On top of Arrow, Polars, Pandas, DuckDB and Spark see the same memory. Conversion cost collapses toward zero.

df.to_arrow() then DuckDB reads it directly. DuckDB writes Arrow then Polars reads it directly. Zero-copy. This is why the dataframe world of the 2020s is converging.

Arrow vs NumPy Backend in Practice

That table is most of the reason Polars beats Pandas. Polars started here; Pandas is catching up via an opt-in backend in 2.x.

2. Polars 1.x — A Rust Core and a Stability Promise

Polars is a Rust dataframe library started by Ritchie Vink in 2020. 1.0 shipped in August 2024, and since then minors have been moving fast while the project promises public API stability.
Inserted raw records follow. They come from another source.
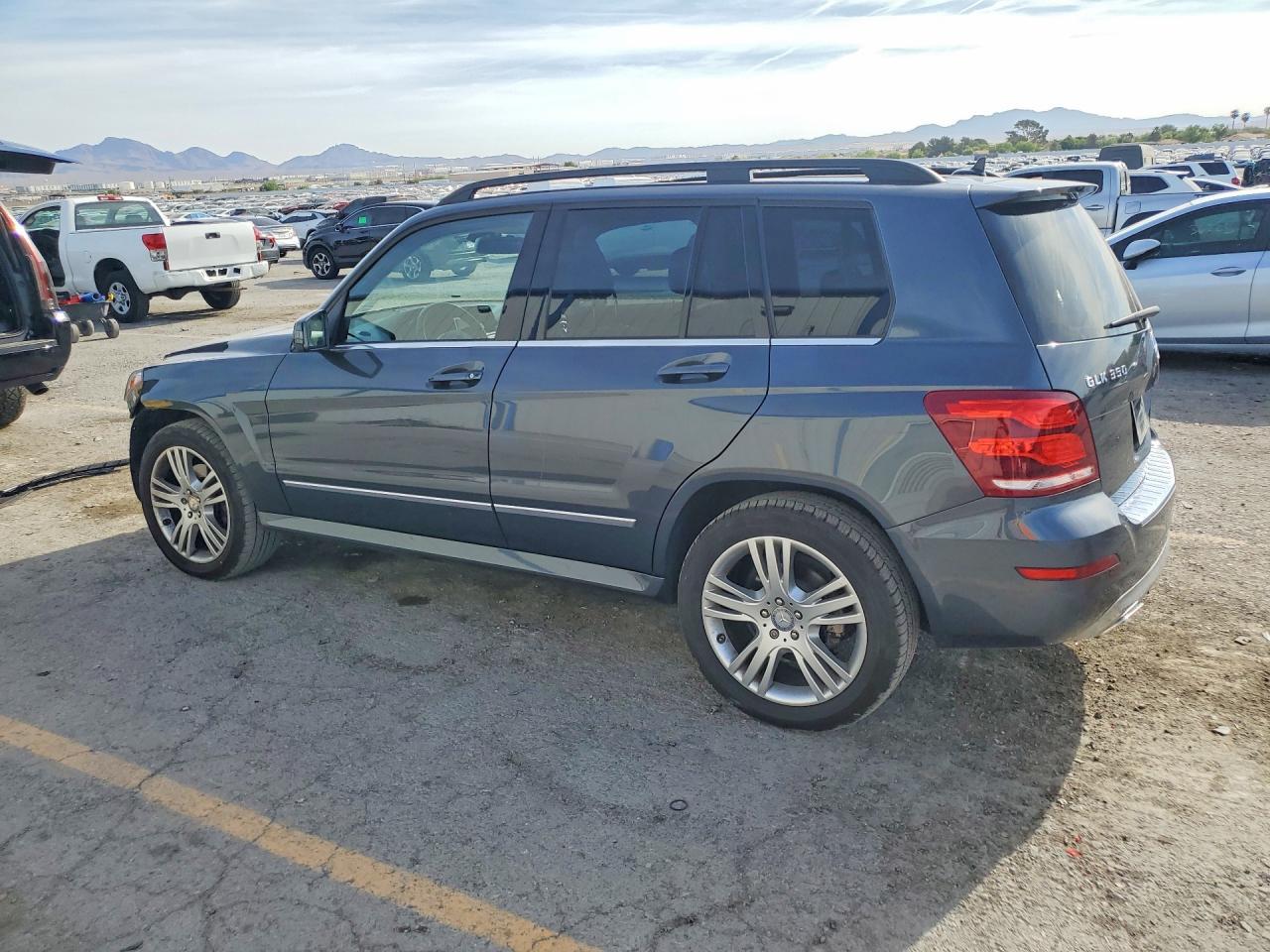 2015 Mercedes-Benz Glk 350 - zdjęcie 2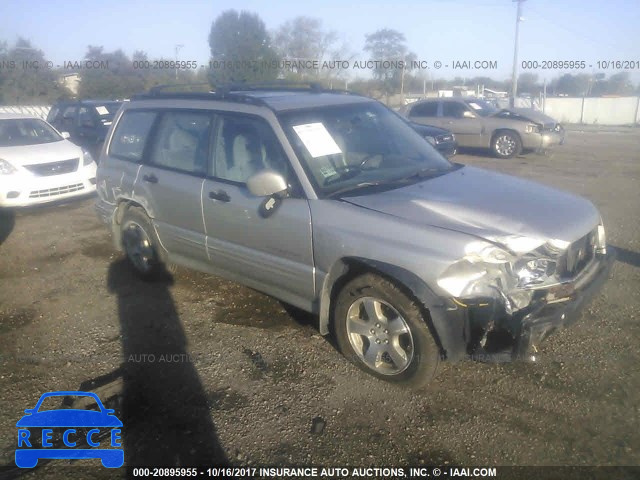 2001 SUBARU FORESTER S JF1SF65671H754464 Bild 0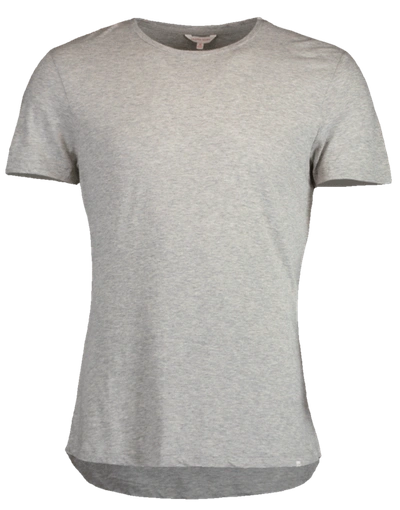 Orlebar Brown Alloy Ob-t Linen Melange T-shirt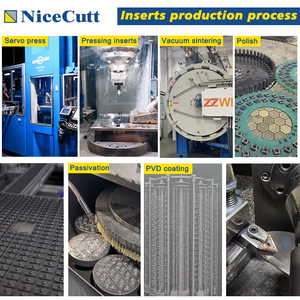 Inserti per Scanalatura e Fresatura di Qualità Rivestiti dalla Cina, Supporto OEM, MGMN/MGGN/MRMN/MRGN - Product Image 5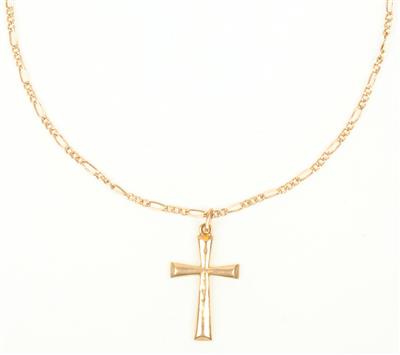 Kreuz an Halskette - Schmuck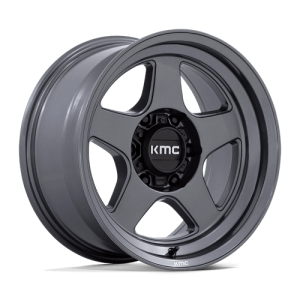 KMC 17X8.5 LOBO 6X139.7 MATTE ANTHRACITE -10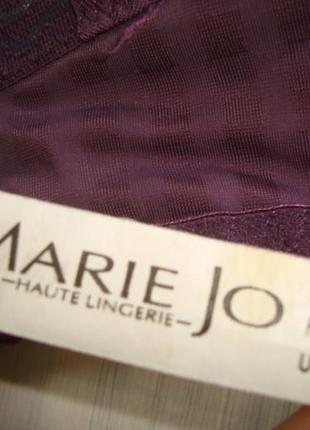 Marie jo avero-бельгія-80e-фіолетовий бюстгальтер6 фото
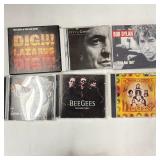 Music CD LOT Dylan Nick Cave Idol Cash +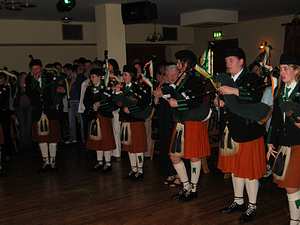 Pipe Band Dance 2005 Dooagh Pipe Band
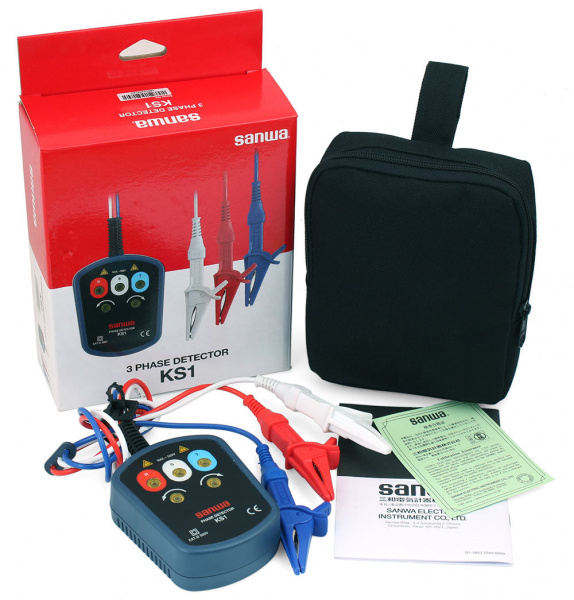 Индикатор чередования фаз Sanwa KS1 купить по низкой цене | МАКСПРОФИТ Индикатор чередования фаз Sanwa KS1 купить по низкой цене | МАКСПРОФИТ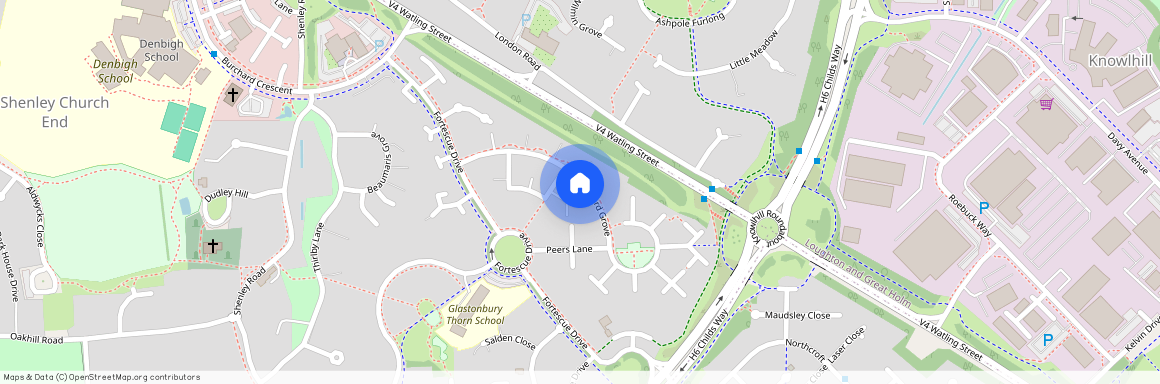 Stafford Grove, Shenley Church End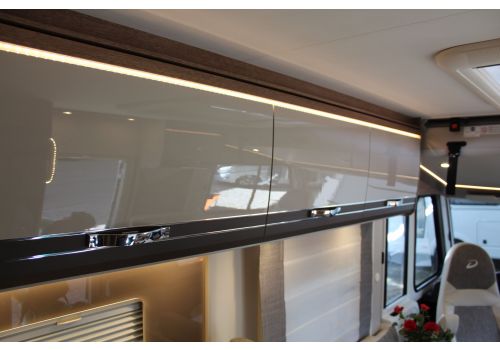 Integral Motorhome DETHLEFFS Trend I7057 DBL en Catalog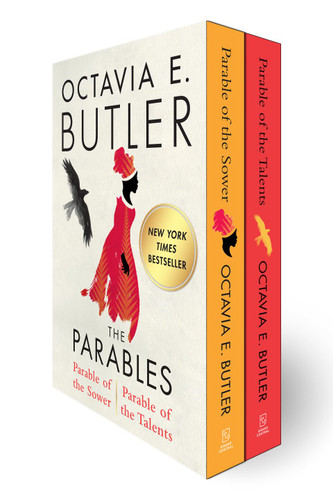 The Parables Boxed Set: Parable of the Sower and Parable of the Talents book cover by Octavia E. Butler
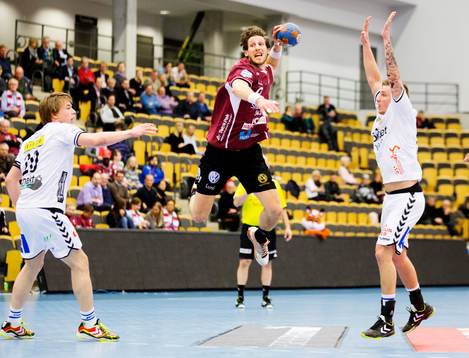 Lugis Albin Tingsvall och Redbergslids Martin Mårtensson
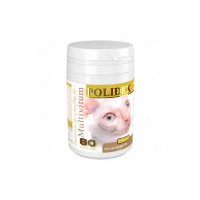 Мультивитум 80 таб для кошек (1таб/4кг)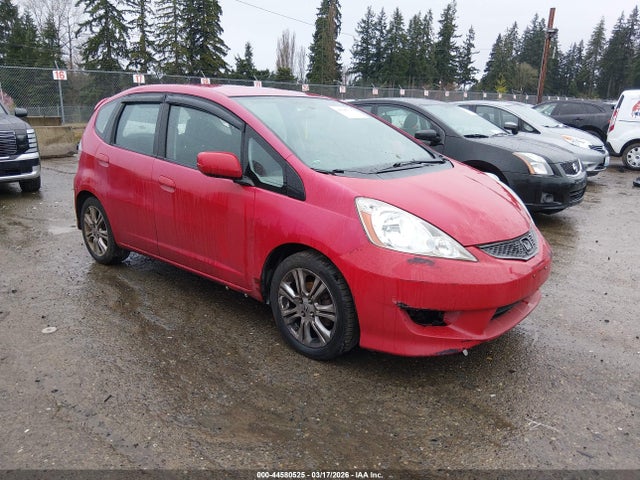 2010 HONDA FIT SPORT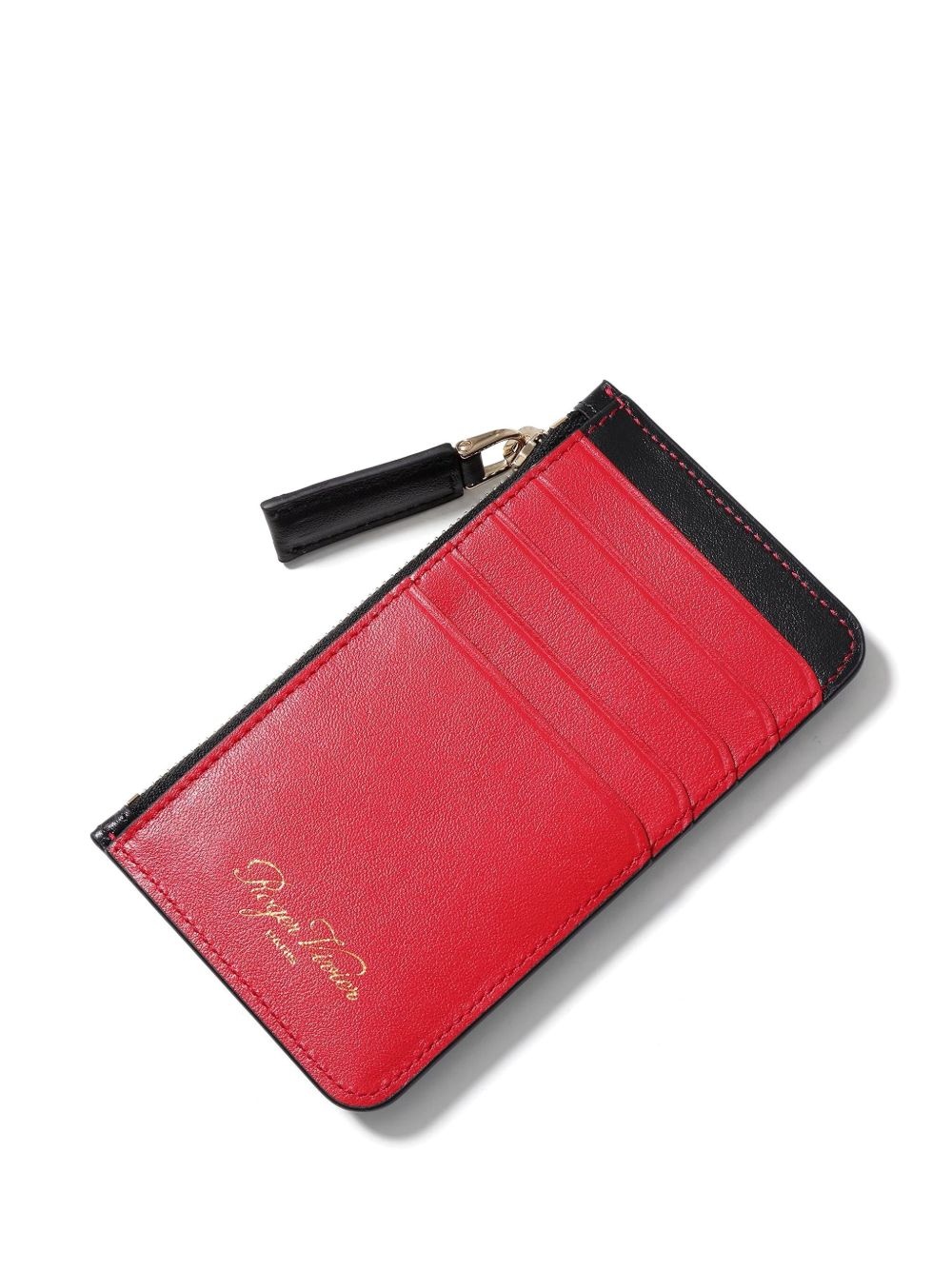 rhinestone-embellished wallet - 2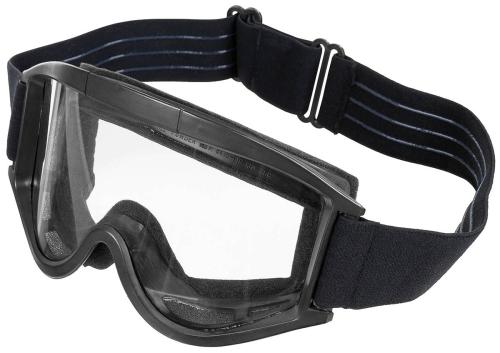 Brille, Tactical, "SCOTT", klar, gebr.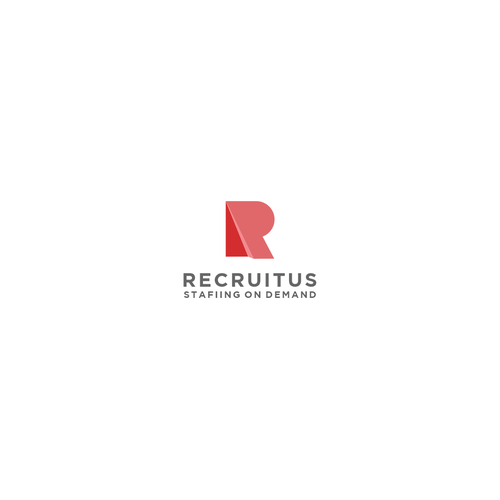 Logo for innovative recruitment company Design by NaiNia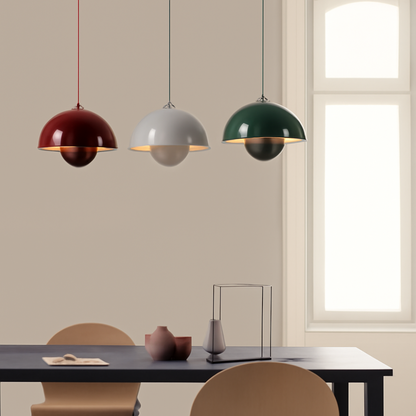 Stylish Semi-Circle Pendant Light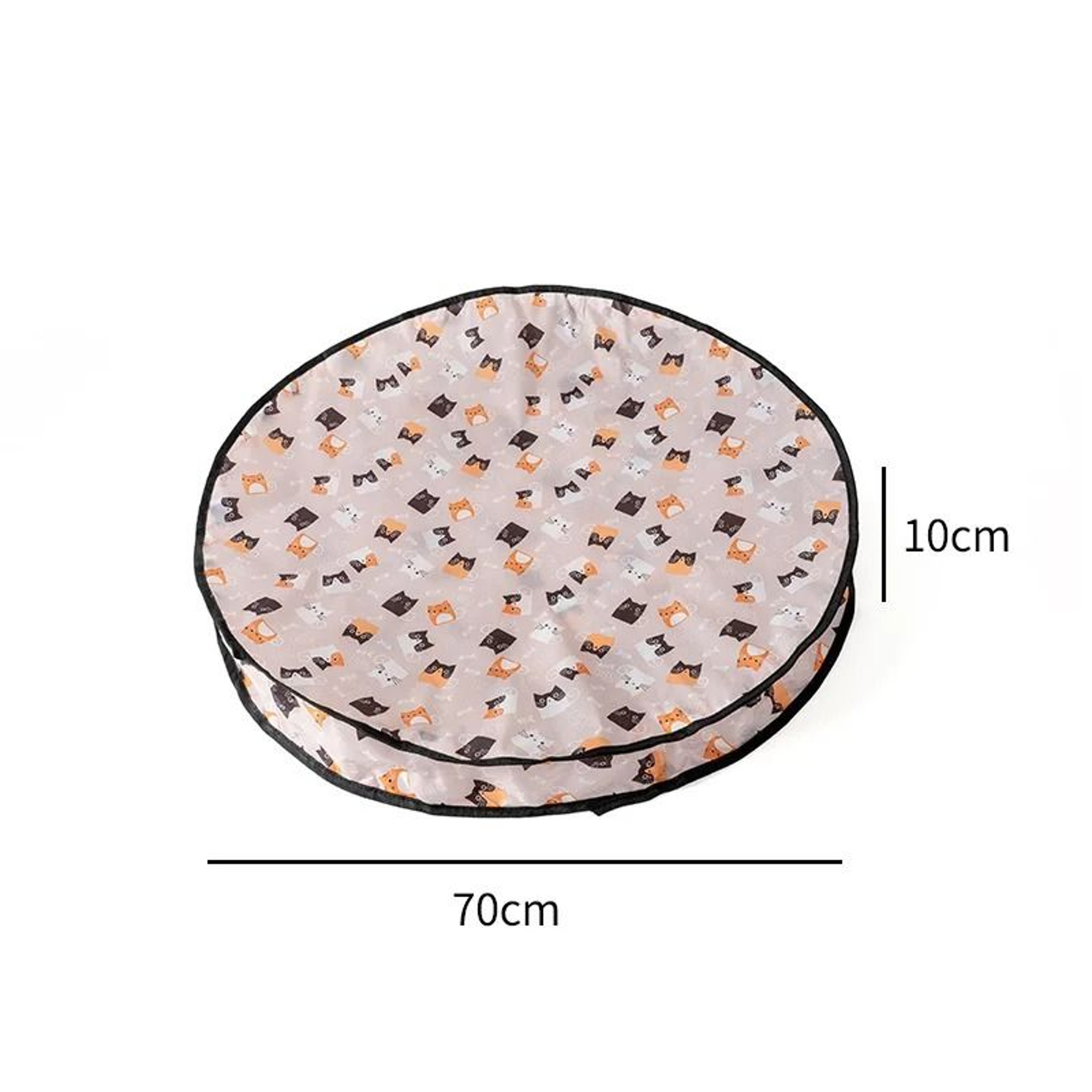 Interactive Double Layer Hunting Cover Toy For Cats And Dogs 1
As of 2026 we are deep in the 1.x line (see the release notes at Polars GitHub Releases); breaking changes arrive as opt-in new APIs, and old APIs go through a deprecation cycle.

A Rust Core With Python Bindings

• Core is Rust — the polars crate. Memory safety, SIMD, no-GIL parallelism.
• Python is a binding — py-polars. Wraps the Rust core via PyO3.
• R and NodeJS bindings sit on the same core.

What this means: Python's GIL does not slow Polars down. Group-by genuinely uses every core. NumPy parallelizes via BLAS, but the dataframe operations themselves (group-by, join) are stuck behind the GIL in Pandas.

The Polars Data Model

import polars as pl

df = pl.DataFrame({
    "user_id": [1, 2, 3, 4],
    "country": ["KR", "US", "KR", "JP"],
    "amount": [120.0, 95.0, 200.0, 75.0],
})
print(df.schema)
# Schema({'user_id': Int64, 'country': String, 'amount': Float64})

The schema is an ordered map from column name to Arrow dtype. Every dtype is explicit; there is very little inference magic.

Eager vs Lazy

Polars has two modes:

• Eager — pl.DataFrame. Executes immediately, just like Pandas.
• Lazy — pl.LazyFrame. Builds a query plan and only executes at .collect(), after optimization.

# eager
df = pl.read_parquet("sales.parquet")
big_kr = df.filter(pl.col("country") == "KR").select(["user_id", "amount"])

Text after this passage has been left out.